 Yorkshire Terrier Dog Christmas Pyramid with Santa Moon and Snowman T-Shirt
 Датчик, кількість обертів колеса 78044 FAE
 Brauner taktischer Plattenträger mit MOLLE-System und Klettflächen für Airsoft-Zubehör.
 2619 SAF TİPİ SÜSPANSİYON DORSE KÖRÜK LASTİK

...

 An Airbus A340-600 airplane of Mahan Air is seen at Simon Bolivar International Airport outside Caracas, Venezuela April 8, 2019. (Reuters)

...

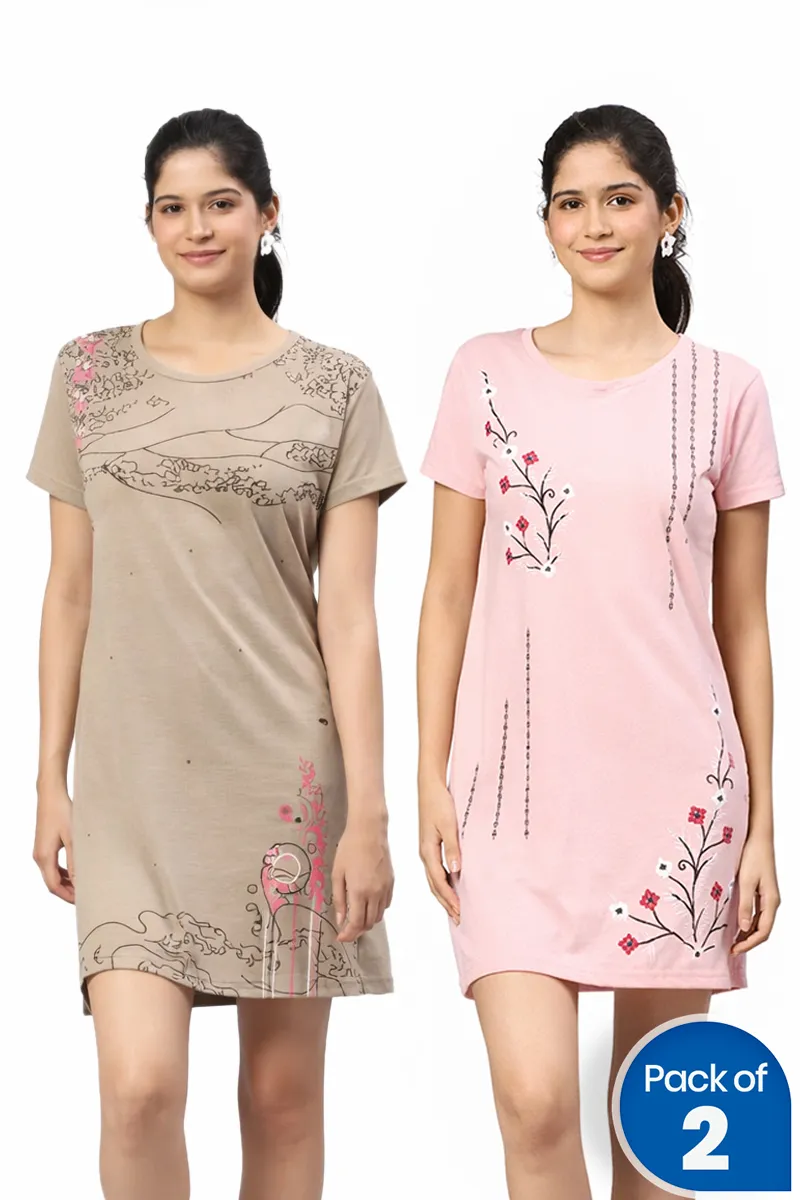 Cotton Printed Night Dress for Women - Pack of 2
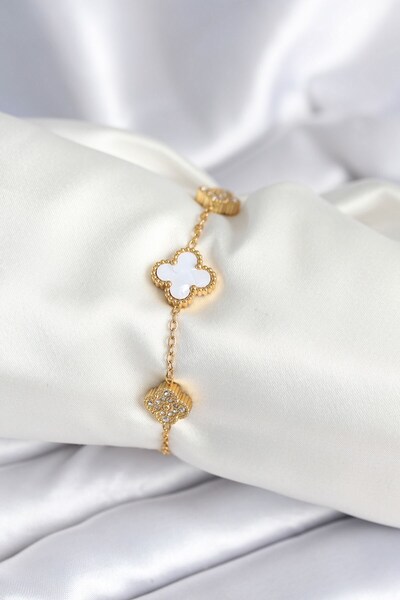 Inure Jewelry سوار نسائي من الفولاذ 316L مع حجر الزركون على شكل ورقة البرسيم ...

**EXERCISE GOAL:** Beginning with the line containing "Yorkshire Terrier Dog" in the material above, copy every line exactly until you have copied the line containing "2619 SAF TİPİ SÜSPANSİYON DORSE KÖRÜK LASTİK".

**WORKED SOLUTION:**
 Yorkshire Terrier Dog Christmas Pyramid with Santa Moon and Snowman T-Shirt
 Датчик, кількість обертів колеса 78044 FAE
 Brauner taktischer Plattenträger mit MOLLE-System und Klettflächen für Airsoft-Zubehör.
 2619 SAF TİPİ SÜSPANSİYON DORSE KÖRÜK LASTİK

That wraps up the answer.